The method of realizing quicksort fast sorting algorithm in Java by graphics and text _java

Relative bubble sorting, selection and other algorithms, the rapid sequencing of the specific principle and implementation of a certain degree of difficulty. In order to better understand the fast sorting, we still describe the algorithm principle of fast ordering in detail in the form of illustrative examples. In the previous sorting algorithm, we explained the height ranking problem of 5 athletes, in order to better reflect the characteristics of the fast sorting, we add 3 additional athletes here. Examples of 8 athletes and their height information are detailed below (F, G, h for new athletes): A (181), B (169), C (187), D (172), E (163), F (191), G (189), H (182)

In the previous sort algorithm, these sorts were done by coach-led, now the number of athletes increased, the coach also wanted to take the opportunity to rest, so the coach called two assistants, so that the two assistants to a quick sort of sorting method to achieve the height of 8 athletes from left to right, from low to high ranking.

According to the algorithm principle of the fast sorting method, two assistants stand on both sides of the athlete's arrangement respectively, as shown in the following picture:

First, the Assistant 1 selects an athlete from the arrangement (usually the 1th athlete on the left or the middle athlete), and the Player A (181) is selected here. Because sorting is from left to right, from low to high, so assistant 1 needs an athlete with a smaller height than a (181) (The selected a (181) as the benchmark for comparison, all of which are compared with the first selected athlete A (181)):

Now let's continue to refer to the detailed schematic of the first round of the quick sort.

When the two assistants meet in the sorting process, they stop the comparison of the current rounds and place the first selected athlete a (181) on the table where two assistants meet:

In a quick sort, when two assistants meet, the order of the round is over. At this point, we found that two athletes met position a (181) as a dividing point, ranked on the left are taller than a (181) of the athletes, ranked on the right side is taller than a (181) athletes.

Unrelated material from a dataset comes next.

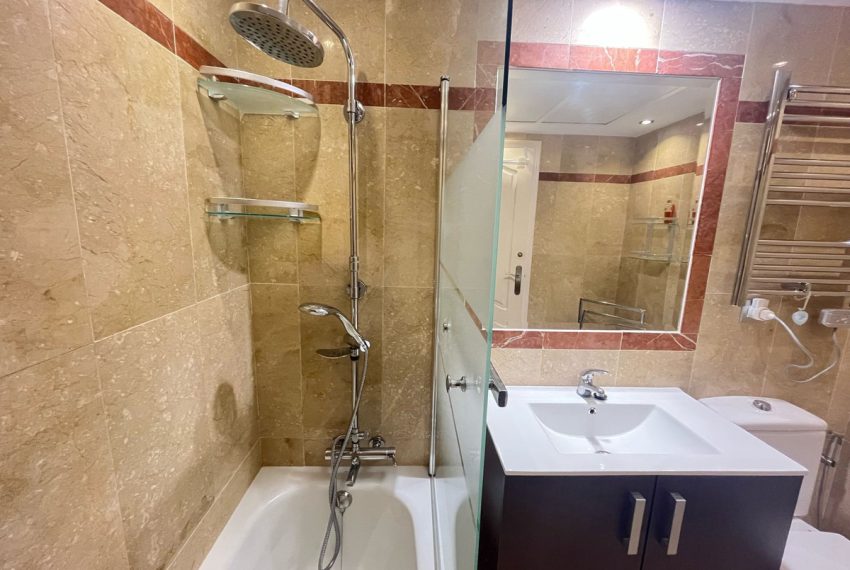 R5040478-Townhouse-For-Sale-Nueva-Andalucia-Terraced-4-Beds-174-Built-14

At this time, we then separate a (181) to the left and the right of the two sorting, if we continue to use the above two helper sorting methods on the two sides of the arrangement, then after many permutations, we will finally be able to get the sort results we need.

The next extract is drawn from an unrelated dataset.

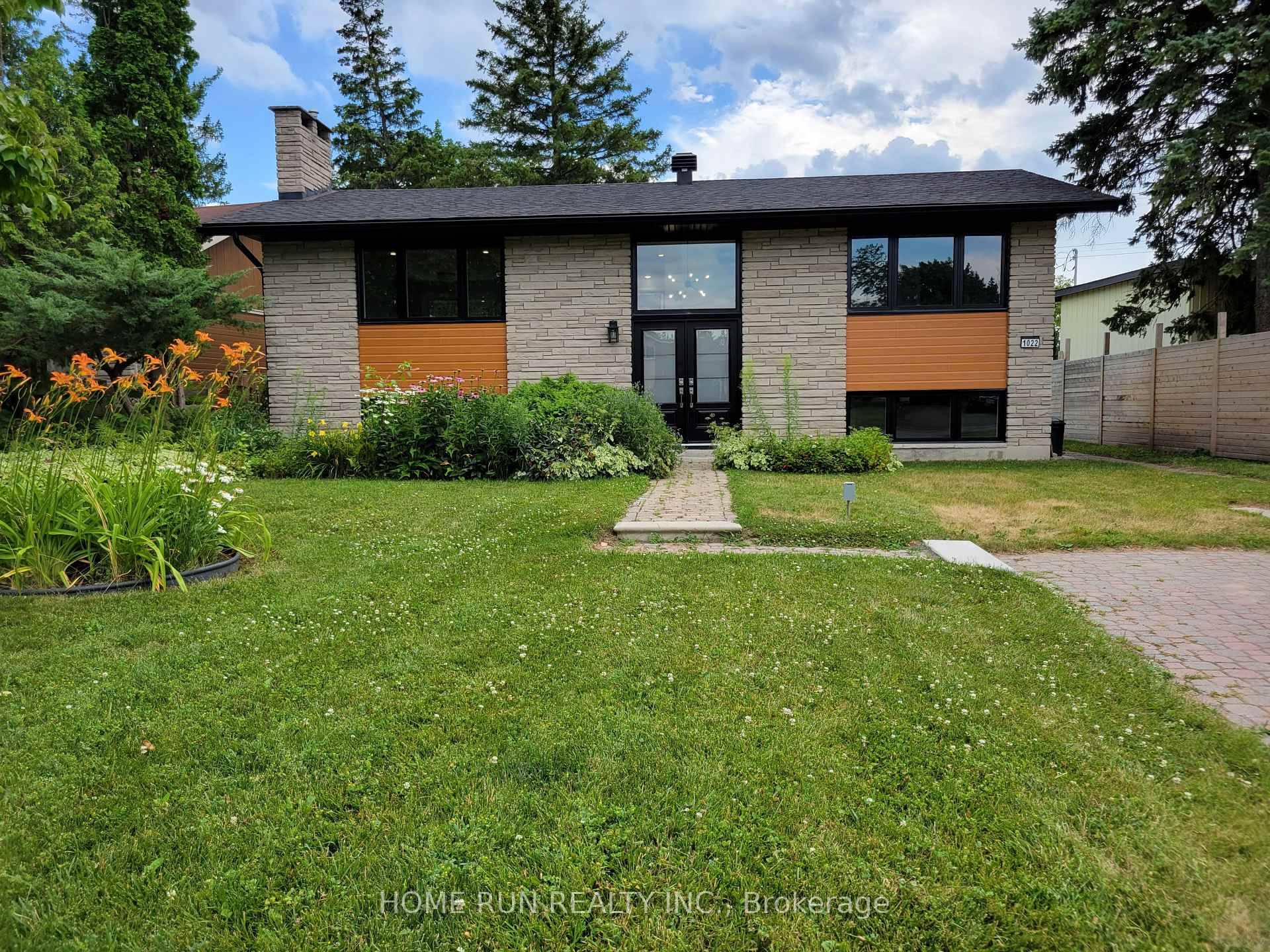 Located in the desired neighborhood of Riverside Park Mooneys Bay area where the beach, river, waterfall, Hogs Back amp ; Vincent Massey Park are nearby yet walking distance to Otrain ...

The above is the whole sort implementation process of fast sorting. The quick sort is to use the above collation, the arrangement is divided into two permutations, two arranged into four permutations, until no arrangement can be divided into stops, and finally get the sort results we need.

Now, we're still programming Java code to sort the height of the above 8 athletes using a quick sort:

/** * To quickly sort the elements in the specified array from start to end * * @param array specified by the array * @param start the array index start that needs to be sorted quickly * @param end of an array that needs to be sorted quickly  /public static final void QuickSort (int[] array, int start, int end) {//I is equivalent to assistant 1 position, J is equivalent to assistant 2 position int i = start, j =
  End int pivot = Array[i]; Take the 1th element as the datum element int emptyindex = i; The location index that represents the vacancy, the default is the position of the extracted datum element//If more than 1 elements need to be sorted, enter a quick sort (as long as I and J are different, it means that at least 2 of the array elements need to be sorted) while (I < j) {//Assistant 2 starts right to left one
    To find elements that are less than the datum element while (i < J && Pivot <= Array[j]) j--;
    if (I < J) {//If Assistant 2 finds the corresponding element before encountering the Assistant 1, the element is given to the Assistant 1 "vacancy", J becomes an empty array[emptyindex] = Array[emptyindex = j];
    }//Assistant 1 starts looking up from left to right an element that is greater than the datum element while (I < J && Array[i] <= pivot) i++;
    if (I < J) {//If Assistant 1 finds the corresponding element before encountering the Assistant 2, the element is given to the Assistant 2 "vacancy", I becomes an empty array[emptyindex] = Array[emptyindex = i];
  
  }//Assistant 1 and Assistant 2 will stop the loop after they meet, and the first removed datum to the final vacancy array[emptyindex] = pivot; ===== this round of quick sort completes =====//If there are more than 2 elements on the left side of the split point I, the recursive call continuesFast sort if (I-start > 1) {quickSort (array, 0, i-1);
  //If there are more than 2 elements on the right side of the split Point J, the recursive call continues to sort it quickly if (End-j > 1) {quickSort (array, j + 1, end); }//Main method public static void main (string[] args) {//===== Use the Quick Sort method to sort the array heights of 8 athletes ' height from low to high =====//A (181), B (169)
  , C (187), D (172), E (163), F (191), G (189), H () int[] Heights = {181, 169, 187, 172, 163, 191, 189, 182};
  Call Quick Sort Method QuickSort (heights, 0, heights.length-1);
  Output sorted result for (int height:heights) {System.out.println (height);

 }
}

The above Java code runs the results output as follows:

163
169
172
181
187
189
191

Note: Due to local thinking differences, there may be several variants of the code implementations mentioned above for quick sorting. However, regardless of the form of variation, the core idea of fast sequencing does not change.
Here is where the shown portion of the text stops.